In the entries below, find the line with "Tacy jesteśmy szczęśliwi" and the line with "Poppy Seed Cake with Grapes". Return those two lines and all lines between them, exactly.

--- Material provided ---

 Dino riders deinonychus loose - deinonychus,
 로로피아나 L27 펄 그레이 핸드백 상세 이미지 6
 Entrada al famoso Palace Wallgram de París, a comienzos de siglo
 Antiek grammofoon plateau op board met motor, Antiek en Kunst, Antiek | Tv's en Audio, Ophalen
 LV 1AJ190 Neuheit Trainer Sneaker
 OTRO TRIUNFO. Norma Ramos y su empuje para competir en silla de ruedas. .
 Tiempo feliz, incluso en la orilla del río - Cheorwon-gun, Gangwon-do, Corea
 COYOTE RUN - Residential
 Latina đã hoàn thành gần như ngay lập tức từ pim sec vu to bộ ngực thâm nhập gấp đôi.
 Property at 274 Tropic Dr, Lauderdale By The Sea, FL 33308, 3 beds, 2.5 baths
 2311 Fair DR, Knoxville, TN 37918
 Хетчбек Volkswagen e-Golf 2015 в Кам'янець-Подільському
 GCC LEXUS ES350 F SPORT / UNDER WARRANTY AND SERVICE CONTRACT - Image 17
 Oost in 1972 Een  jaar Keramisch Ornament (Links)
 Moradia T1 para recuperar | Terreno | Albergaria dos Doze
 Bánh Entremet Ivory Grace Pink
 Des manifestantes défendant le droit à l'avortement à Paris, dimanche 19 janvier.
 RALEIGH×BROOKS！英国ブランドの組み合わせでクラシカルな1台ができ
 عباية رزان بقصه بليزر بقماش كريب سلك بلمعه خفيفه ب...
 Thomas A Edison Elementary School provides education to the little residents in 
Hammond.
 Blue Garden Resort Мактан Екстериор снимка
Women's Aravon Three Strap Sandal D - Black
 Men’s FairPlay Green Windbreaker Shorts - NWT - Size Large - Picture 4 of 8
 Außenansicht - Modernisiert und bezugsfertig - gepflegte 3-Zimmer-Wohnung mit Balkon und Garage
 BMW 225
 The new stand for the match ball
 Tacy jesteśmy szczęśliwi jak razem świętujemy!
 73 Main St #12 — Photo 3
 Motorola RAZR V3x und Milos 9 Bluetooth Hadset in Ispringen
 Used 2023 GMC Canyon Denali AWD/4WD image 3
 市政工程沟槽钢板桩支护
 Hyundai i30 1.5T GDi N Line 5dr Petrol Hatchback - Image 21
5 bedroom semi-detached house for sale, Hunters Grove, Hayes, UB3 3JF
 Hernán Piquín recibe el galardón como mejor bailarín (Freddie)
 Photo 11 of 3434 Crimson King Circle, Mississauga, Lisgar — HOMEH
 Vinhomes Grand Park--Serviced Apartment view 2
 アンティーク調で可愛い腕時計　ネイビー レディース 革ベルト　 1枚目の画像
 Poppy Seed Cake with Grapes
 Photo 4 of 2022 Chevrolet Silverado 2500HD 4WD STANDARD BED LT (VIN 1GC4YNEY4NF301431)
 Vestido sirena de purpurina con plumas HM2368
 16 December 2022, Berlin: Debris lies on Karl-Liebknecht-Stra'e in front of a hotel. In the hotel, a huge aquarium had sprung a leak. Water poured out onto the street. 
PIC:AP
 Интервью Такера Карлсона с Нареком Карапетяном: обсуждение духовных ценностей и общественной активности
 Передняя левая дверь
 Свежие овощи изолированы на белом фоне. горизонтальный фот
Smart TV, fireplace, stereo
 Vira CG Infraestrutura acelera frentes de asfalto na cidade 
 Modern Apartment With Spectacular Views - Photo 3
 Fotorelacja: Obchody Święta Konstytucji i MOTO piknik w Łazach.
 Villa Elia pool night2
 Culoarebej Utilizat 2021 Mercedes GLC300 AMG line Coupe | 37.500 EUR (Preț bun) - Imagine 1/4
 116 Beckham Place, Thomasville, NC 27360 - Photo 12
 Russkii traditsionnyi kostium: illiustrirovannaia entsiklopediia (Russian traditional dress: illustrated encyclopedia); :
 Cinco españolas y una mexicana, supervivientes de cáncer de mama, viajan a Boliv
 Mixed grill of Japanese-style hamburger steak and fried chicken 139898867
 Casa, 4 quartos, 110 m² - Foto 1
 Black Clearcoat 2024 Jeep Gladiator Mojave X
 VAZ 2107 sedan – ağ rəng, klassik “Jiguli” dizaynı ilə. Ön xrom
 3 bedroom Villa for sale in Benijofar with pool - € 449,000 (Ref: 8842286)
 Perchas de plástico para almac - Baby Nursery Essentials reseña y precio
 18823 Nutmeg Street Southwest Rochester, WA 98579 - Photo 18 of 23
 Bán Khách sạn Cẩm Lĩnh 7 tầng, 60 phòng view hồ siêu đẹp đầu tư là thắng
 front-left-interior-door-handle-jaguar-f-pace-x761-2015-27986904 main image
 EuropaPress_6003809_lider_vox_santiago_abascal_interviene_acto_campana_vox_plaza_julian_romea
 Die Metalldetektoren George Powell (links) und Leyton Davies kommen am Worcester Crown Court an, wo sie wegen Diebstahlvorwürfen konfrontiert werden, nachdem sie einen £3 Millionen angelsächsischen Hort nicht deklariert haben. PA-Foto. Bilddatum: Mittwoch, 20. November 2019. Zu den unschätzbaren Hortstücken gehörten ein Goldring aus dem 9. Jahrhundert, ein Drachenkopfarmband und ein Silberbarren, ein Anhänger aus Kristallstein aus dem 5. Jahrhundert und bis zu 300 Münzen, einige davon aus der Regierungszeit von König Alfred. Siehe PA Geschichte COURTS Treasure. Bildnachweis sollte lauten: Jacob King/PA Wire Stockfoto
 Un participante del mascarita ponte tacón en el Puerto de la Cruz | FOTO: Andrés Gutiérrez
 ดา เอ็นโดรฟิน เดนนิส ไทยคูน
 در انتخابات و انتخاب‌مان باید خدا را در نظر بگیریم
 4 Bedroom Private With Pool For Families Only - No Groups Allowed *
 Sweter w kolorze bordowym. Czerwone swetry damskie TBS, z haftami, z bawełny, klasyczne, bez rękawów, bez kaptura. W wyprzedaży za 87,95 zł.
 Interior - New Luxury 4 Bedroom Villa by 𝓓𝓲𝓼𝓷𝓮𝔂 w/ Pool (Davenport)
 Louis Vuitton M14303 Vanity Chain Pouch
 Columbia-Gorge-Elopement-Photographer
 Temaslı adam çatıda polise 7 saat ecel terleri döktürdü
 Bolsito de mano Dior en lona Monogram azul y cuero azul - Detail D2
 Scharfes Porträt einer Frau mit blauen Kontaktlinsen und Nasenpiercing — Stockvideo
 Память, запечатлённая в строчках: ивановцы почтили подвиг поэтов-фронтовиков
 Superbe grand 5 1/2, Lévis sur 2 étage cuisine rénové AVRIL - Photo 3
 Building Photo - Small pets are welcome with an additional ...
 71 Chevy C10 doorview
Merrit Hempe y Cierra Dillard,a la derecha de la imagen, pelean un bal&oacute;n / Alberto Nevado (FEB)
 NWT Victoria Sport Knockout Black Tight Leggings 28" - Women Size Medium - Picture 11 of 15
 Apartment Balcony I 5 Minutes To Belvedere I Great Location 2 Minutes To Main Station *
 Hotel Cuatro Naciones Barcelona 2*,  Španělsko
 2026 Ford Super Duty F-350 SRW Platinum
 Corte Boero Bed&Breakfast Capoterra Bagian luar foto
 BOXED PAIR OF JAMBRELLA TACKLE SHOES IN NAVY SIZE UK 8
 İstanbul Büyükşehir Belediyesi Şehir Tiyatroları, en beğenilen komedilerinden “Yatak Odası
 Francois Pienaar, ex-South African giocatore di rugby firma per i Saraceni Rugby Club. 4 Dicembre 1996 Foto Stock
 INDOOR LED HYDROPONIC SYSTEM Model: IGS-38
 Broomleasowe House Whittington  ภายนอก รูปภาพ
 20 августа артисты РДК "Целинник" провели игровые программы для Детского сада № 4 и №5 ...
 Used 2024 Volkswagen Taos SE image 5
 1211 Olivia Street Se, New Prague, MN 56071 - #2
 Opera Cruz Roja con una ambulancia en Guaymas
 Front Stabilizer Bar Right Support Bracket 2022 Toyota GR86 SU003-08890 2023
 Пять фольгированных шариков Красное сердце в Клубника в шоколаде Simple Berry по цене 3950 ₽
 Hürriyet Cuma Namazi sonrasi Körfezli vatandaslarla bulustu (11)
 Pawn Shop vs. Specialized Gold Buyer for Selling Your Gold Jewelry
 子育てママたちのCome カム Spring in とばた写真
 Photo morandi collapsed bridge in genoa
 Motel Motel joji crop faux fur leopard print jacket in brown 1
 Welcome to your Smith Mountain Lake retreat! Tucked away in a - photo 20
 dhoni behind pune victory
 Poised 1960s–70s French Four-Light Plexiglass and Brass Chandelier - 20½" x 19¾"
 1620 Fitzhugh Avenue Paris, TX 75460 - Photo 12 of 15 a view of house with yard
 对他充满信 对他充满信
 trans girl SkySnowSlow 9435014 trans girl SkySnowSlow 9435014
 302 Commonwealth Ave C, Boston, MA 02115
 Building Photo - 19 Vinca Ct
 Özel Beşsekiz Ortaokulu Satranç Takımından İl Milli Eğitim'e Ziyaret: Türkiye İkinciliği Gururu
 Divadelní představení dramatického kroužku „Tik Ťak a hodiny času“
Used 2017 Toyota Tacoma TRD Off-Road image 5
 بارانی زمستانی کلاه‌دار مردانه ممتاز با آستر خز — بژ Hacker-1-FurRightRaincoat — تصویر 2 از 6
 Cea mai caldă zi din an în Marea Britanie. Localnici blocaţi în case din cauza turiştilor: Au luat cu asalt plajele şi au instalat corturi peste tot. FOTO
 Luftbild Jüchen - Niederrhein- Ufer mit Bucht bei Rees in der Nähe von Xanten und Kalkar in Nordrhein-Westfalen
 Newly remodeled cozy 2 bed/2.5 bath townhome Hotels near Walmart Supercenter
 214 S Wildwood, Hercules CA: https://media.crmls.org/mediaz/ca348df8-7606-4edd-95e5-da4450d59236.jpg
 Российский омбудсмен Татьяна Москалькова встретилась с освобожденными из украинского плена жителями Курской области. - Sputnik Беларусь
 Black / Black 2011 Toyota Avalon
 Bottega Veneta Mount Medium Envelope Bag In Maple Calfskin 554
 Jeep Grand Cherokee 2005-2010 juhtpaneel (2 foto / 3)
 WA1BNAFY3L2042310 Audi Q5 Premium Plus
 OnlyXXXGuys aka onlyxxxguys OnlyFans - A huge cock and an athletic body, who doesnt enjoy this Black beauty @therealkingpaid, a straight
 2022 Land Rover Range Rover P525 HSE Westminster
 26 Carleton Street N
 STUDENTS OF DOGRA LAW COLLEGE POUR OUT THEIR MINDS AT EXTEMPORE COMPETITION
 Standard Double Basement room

---

▸ **Output of the task**:
 Tacy jesteśmy szczęśliwi jak razem świętujemy!
 73 Main St #12 — Photo 3
 Motorola RAZR V3x und Milos 9 Bluetooth Hadset in Ispringen
 Used 2023 GMC Canyon Denali AWD/4WD image 3
 市政工程沟槽钢板桩支护
 Hyundai i30 1.5T GDi N Line 5dr Petrol Hatchback - Image 21
5 bedroom semi-detached house for sale, Hunters Grove, Hayes, UB3 3JF
 Hernán Piquín recibe el galardón como mejor bailarín (Freddie)
 Photo 11 of 3434 Crimson King Circle, Mississauga, Lisgar — HOMEH
 Vinhomes Grand Park--Serviced Apartment view 2
 アンティーク調で可愛い腕時計　ネイビー レディース 革ベルト　 1枚目の画像
 Poppy Seed Cake with Grapes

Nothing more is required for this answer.